AUTHOR=Liu Binliang , Xie Junying , Sun Xiaoying , Wang Yanfeng , Yuan Zhong , Liu Xiyu , Huang Zhou , Wang Jiani , Mo Hongnan , Yi Zongbi , Guan Xiuwen , Li Lixi , Wang Wenna , Li Hong , Ma Fei , Zeng Yixin TITLE=Development and Validation of a New Clinical Prediction Model of Catheter-Related Thrombosis Based on Vascular Ultrasound Diagnosis in Cancer Patients JOURNAL=Frontiers in Cardiovascular Medicine VOLUME=7 YEAR=2020 URL=https://www.frontiersin.org/journals/cardiovascular-medicine/articles/10.3389/fcvm.2020.571227 DOI=10.3389/fcvm.2020.571227 ISSN=2297-055X ABSTRACT=

Background: Central venous catheters are convenient for drug delivery and improved comfort for cancer patients, but they also cause serious complications. The most common complication is catheter-related thrombosis (CRT).

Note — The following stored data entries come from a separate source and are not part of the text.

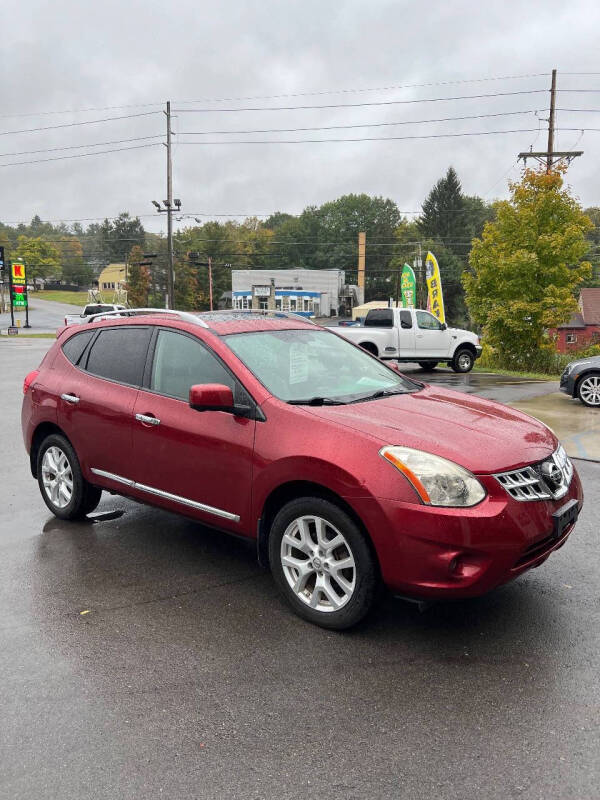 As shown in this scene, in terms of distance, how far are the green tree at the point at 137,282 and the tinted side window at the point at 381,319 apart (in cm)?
7408

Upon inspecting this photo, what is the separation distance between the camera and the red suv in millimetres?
3322

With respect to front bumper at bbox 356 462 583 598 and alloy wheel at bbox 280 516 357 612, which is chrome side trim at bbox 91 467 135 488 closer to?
alloy wheel at bbox 280 516 357 612

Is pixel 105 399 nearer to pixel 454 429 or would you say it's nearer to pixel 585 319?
pixel 454 429

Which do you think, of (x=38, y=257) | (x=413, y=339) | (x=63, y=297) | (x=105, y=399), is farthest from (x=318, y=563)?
(x=38, y=257)

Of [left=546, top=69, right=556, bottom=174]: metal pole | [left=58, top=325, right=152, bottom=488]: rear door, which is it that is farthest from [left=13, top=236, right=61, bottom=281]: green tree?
[left=58, top=325, right=152, bottom=488]: rear door

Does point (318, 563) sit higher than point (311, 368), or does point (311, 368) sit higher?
point (311, 368)

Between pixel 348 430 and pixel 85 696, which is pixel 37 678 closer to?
pixel 85 696

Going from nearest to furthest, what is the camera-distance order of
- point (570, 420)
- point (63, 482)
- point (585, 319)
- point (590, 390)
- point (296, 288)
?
point (63, 482)
point (570, 420)
point (590, 390)
point (585, 319)
point (296, 288)

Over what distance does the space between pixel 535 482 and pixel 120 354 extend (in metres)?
3.13

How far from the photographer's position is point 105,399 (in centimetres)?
493

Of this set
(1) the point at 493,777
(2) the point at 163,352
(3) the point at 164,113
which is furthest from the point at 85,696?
(3) the point at 164,113

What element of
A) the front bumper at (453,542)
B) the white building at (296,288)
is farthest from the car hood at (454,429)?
the white building at (296,288)

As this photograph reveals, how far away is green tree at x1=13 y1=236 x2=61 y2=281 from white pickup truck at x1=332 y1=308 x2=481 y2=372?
11349 centimetres

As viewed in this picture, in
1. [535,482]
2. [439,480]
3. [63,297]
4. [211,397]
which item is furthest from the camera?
[63,297] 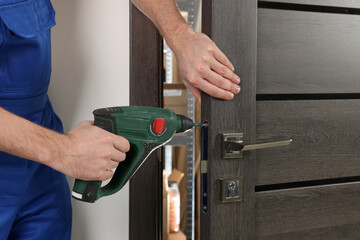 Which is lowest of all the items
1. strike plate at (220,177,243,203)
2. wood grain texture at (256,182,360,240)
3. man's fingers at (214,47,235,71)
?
wood grain texture at (256,182,360,240)

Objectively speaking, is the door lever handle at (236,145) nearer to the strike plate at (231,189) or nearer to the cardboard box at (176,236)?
the strike plate at (231,189)

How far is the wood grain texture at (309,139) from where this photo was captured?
0.97 meters

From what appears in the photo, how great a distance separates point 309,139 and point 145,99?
0.52m

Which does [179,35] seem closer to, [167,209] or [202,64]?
[202,64]

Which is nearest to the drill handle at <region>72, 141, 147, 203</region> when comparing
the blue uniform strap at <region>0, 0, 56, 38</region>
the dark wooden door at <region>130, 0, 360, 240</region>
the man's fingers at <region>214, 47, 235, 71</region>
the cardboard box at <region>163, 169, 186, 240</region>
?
the dark wooden door at <region>130, 0, 360, 240</region>

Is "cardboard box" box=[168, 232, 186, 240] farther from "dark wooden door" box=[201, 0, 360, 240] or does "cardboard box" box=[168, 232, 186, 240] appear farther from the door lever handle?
the door lever handle

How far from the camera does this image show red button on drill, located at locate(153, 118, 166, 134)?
33.3 inches

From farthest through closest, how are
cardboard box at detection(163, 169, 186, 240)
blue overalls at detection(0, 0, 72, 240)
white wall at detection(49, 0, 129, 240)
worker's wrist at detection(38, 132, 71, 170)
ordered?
1. cardboard box at detection(163, 169, 186, 240)
2. white wall at detection(49, 0, 129, 240)
3. blue overalls at detection(0, 0, 72, 240)
4. worker's wrist at detection(38, 132, 71, 170)

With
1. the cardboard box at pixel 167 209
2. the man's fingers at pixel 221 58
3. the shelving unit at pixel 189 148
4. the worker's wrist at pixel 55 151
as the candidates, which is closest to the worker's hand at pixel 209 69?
the man's fingers at pixel 221 58

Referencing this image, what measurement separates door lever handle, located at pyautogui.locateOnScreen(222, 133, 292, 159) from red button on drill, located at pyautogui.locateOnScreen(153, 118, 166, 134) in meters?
0.15

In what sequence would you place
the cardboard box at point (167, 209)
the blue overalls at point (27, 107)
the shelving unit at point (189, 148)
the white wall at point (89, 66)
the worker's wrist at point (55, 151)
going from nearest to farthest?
1. the worker's wrist at point (55, 151)
2. the blue overalls at point (27, 107)
3. the white wall at point (89, 66)
4. the shelving unit at point (189, 148)
5. the cardboard box at point (167, 209)

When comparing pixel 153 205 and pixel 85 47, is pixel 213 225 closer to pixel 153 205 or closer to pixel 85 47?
pixel 153 205

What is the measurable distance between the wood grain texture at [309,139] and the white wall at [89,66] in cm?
49

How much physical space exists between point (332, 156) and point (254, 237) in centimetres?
32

Objectives: This study aimed to evaluate the incidence and risk factors for CRT in cancer patients and develop an effective prediction model for CRT in cancer patients.

Methods: The development of our prediction model was based on a retrospective cohort (n = 3,131) from the National Cancer Center. Our prediction model was confirmed in a prospective cohort from the National Cancer Center (n = 685) and a retrospective cohort from the Hunan Cancer Hospital (n = 61). The predictive accuracy and discriminative ability were determined by receiver operating characteristic (ROC) curves and calibration plots.

Results: Multivariate analysis demonstrated that sex, cancer type, catheter type, position of the catheter tip, chemotherapy status, and antiplatelet/anticoagulation status at baseline were independent risk factors for CRT. The area under the ROC curve of our prediction model was 0.741 (CI: 0.715–0.766) in the primary cohort and 0.754 (CI: 0.704–0.803) and 0.658 (CI: 0.470–0.845) in validation cohorts 1 and 2, respectively. The model also showed good calibration and clinical impact in the primary and validation cohorts.

Conclusions: Our model is a novel prediction tool for CRT risk that accurately assigns cancer patients into high- and low-risk groups. Our model will be valuable for clinicians when making decisions regarding thromboprophylaxis.